Another loss on a major stage: Brazil 3, United States 2.
This is the epitaph in the wake of a heartbreaking loss in Sunday’s Confederations Cup championship game.
Too harsh? Perhaps, considering the United States was facing a great Brazilian team. On the other hand, there must come a point in the discussion of soccer in the United States when the training wheels must be removed. Either this is youth soccer, in which the goal is to let everyone play, or this is the big time, in which second or third place is no longer acceptable.
There was so much momentum heading into Sunday’s game, so much enthusiasm after the United States’ stunning victory over Spain on Wednesday.
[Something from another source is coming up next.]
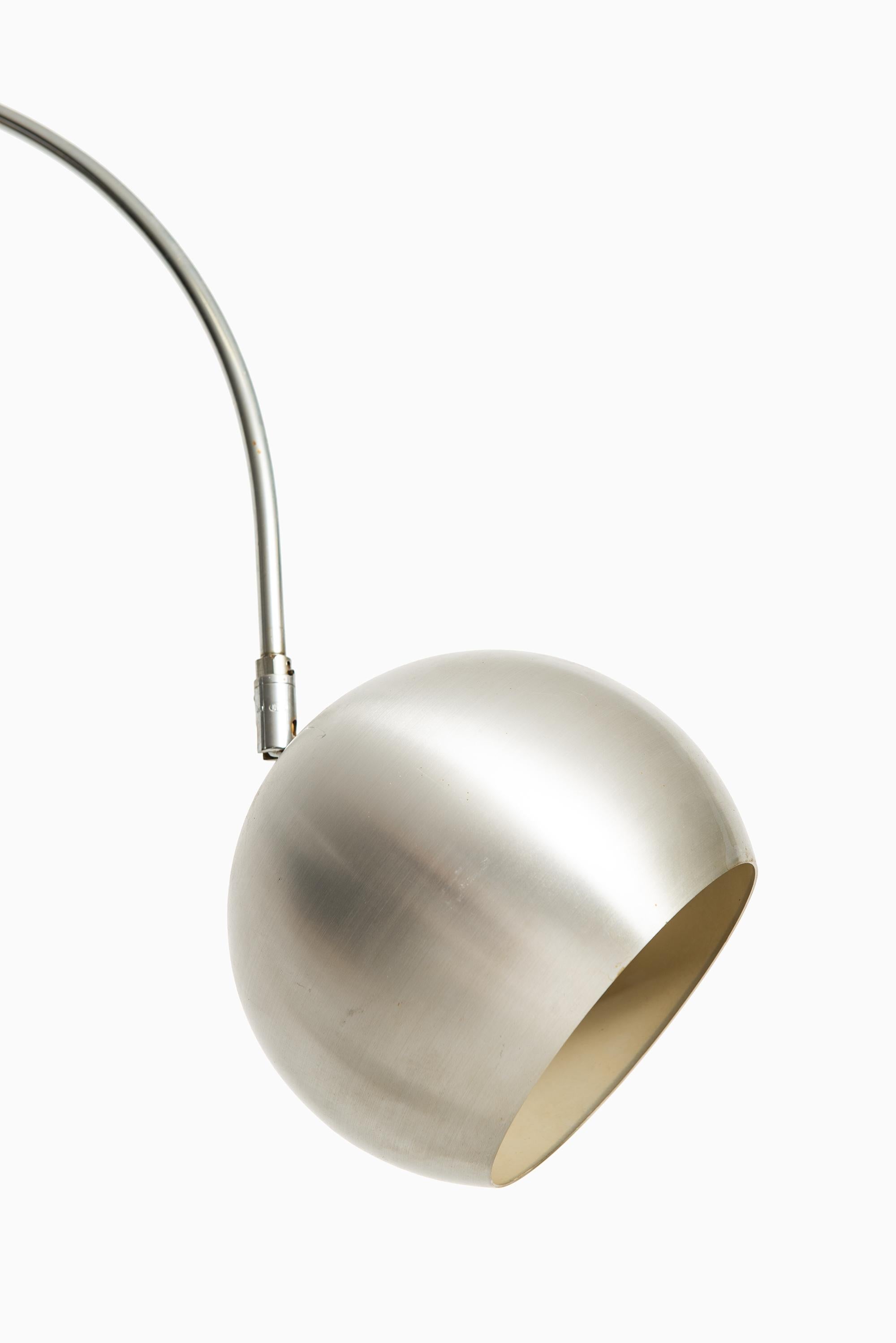 Milieu du XXe siècle Grand lampadaire avec 2 bras flexibles Produit en Italie en vente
Still, instead of talking about a great triumph, we’re back to talking about what United States soccer needs to break through at home.
Regardless of Sunday’s outcome, the sport faces two major challenges in the United States. The first is how to continue to attract great athletes. . .
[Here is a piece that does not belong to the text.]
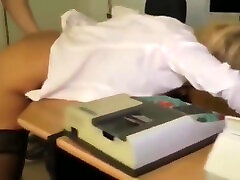 толстый парень с большим членом кончает в свою первую грудастую милфу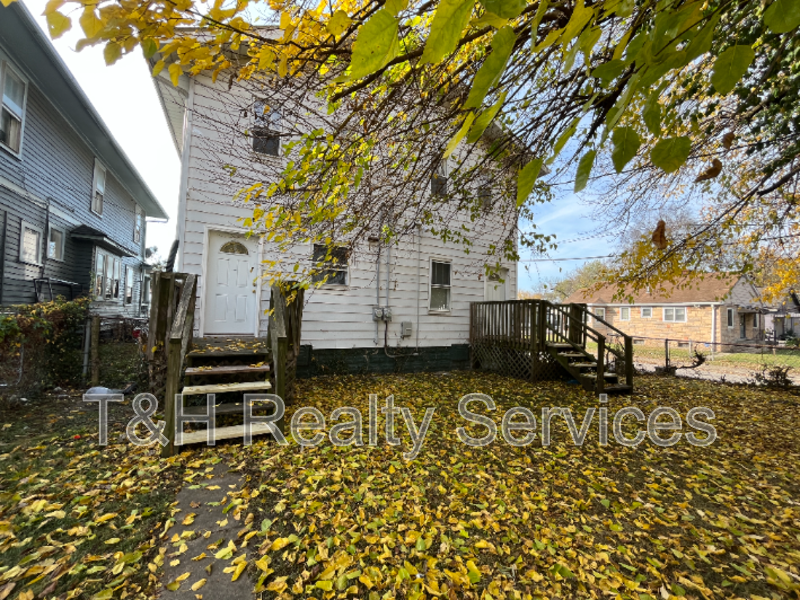 560 Udell St - Photo 5 of 20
American soccer’s struggle to attract great talent is baffling because there are so many young people looking for something to do. The United States is one of the most powerful nations, one with phenomenal human resources.
The sprawling soccer federations reflect the nation: some have a lot, some have very little. The leadership must find the will — and a way — to redistribute resources. This is crucial for the long-term goal of having a great national team, year in and year out.
The more difficult challenge is to cultivate a broader consumer appetite for soccer in the United States. Debates continue about changing the nature of the sport to fit the American mind-set.